▶ Goal of the exercise: Every entry must be set down exactly in the answer; no pictures should appear.

▶ Study material:
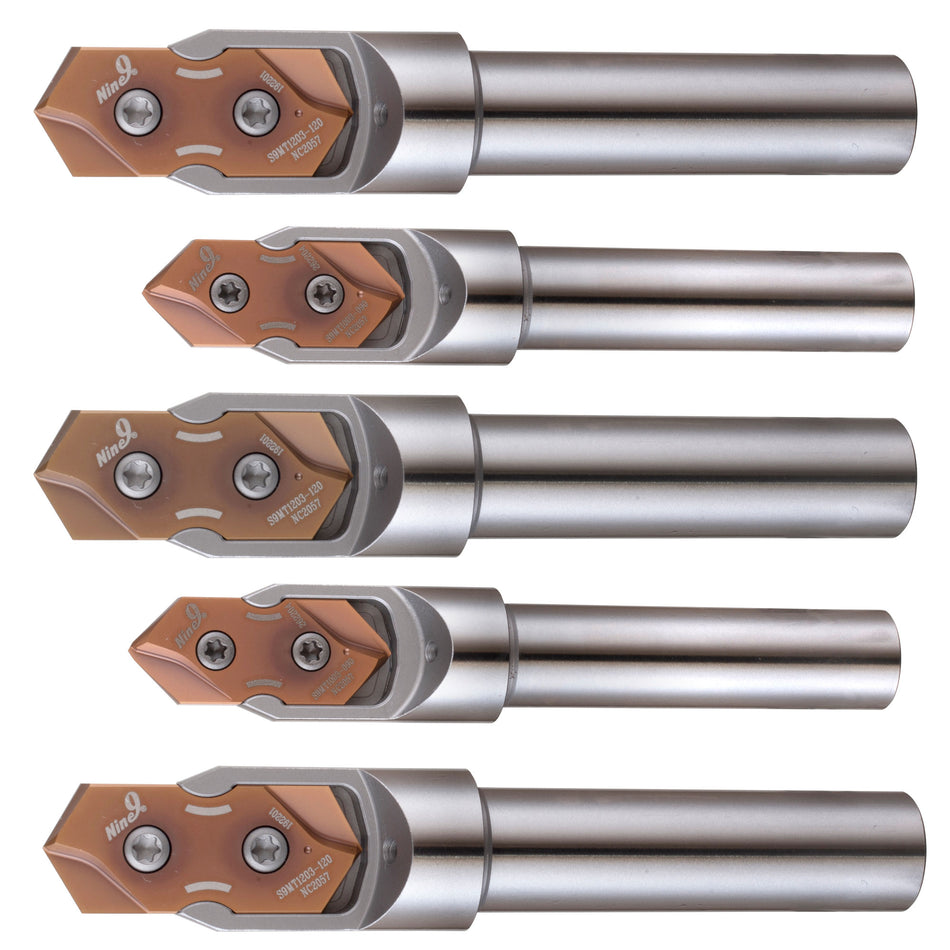 Nine9 ACE Spot Tool Holder Cylindrical Shank 6,8,10,12,16,20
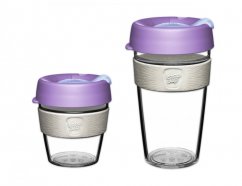 KeepCup - Clear Moonshine, multiple sizes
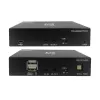 Zestaw przedłużacza USB C na HDMI przez Cat6 z obsługą KVM, 4K 60Hz, 4:4:4, Nadajnik/Odbiornik, USB, PoC, HDCP 2.2, do 70 m, TAA - Rozszerzenie wideo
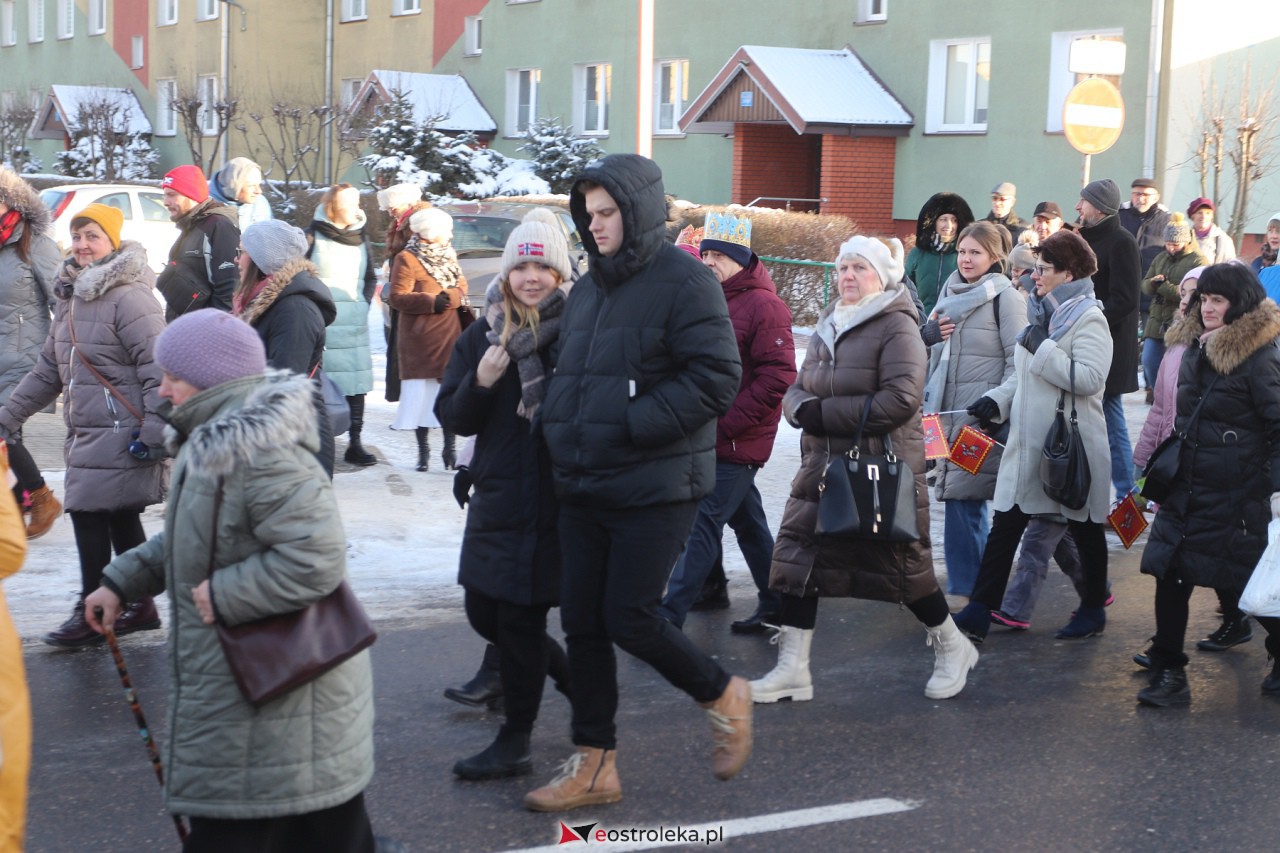 Orszak Trzech Króli 2024 w Ostrołęce [06.01.2024] - zdjęcie #186 - eOstroleka.pl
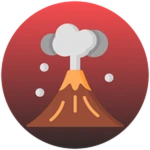 Volcano Field Goal Roblox badge thumbnail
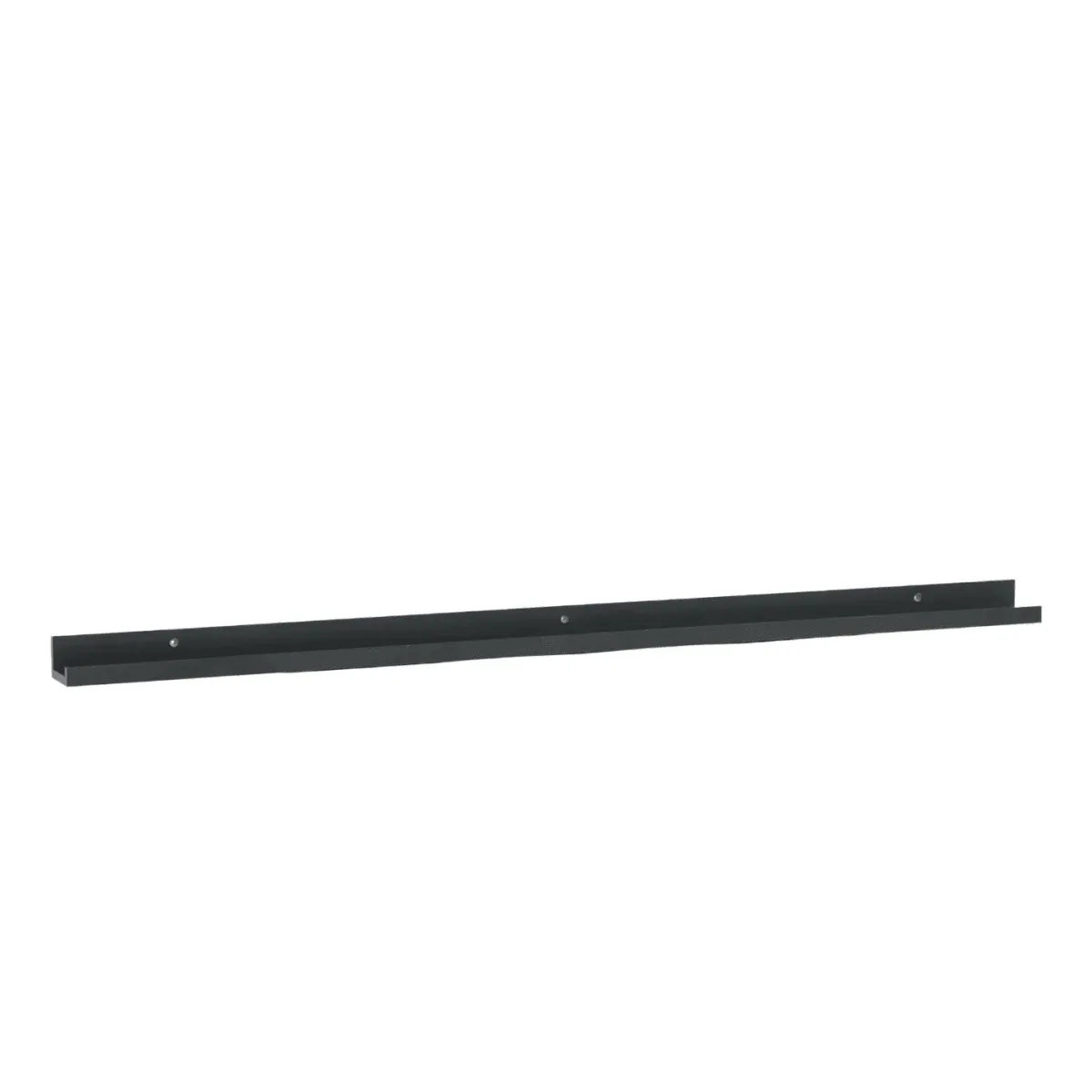 Nimara Emmie billedhylde sort 115x7 cm* Hylder|Opbevaring Til Stuen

▶ Task result:
 Nine9 ACE Spot Tool Holder Cylindrical Shank 6,8,10,12,16,20
 KeepCup - Clear Moonshine, multiple sizes
 Zestaw przedłużacza USB C na HDMI przez Cat6 z obsługą KVM, 4K 60Hz, 4:4:4, Nadajnik/Odbiornik, USB, PoC, HDCP 2.2, do 70 m, TAA - Rozszerzenie wideo
 Orszak Trzech Króli 2024 w Ostrołęce [06.01.2024] - zdjęcie #186 - eOstroleka.pl
 Volcano Field Goal Roblox badge thumbnail
 Nimara Emmie billedhylde sort 115x7 cm* Hylder|Opbevaring Til Stuen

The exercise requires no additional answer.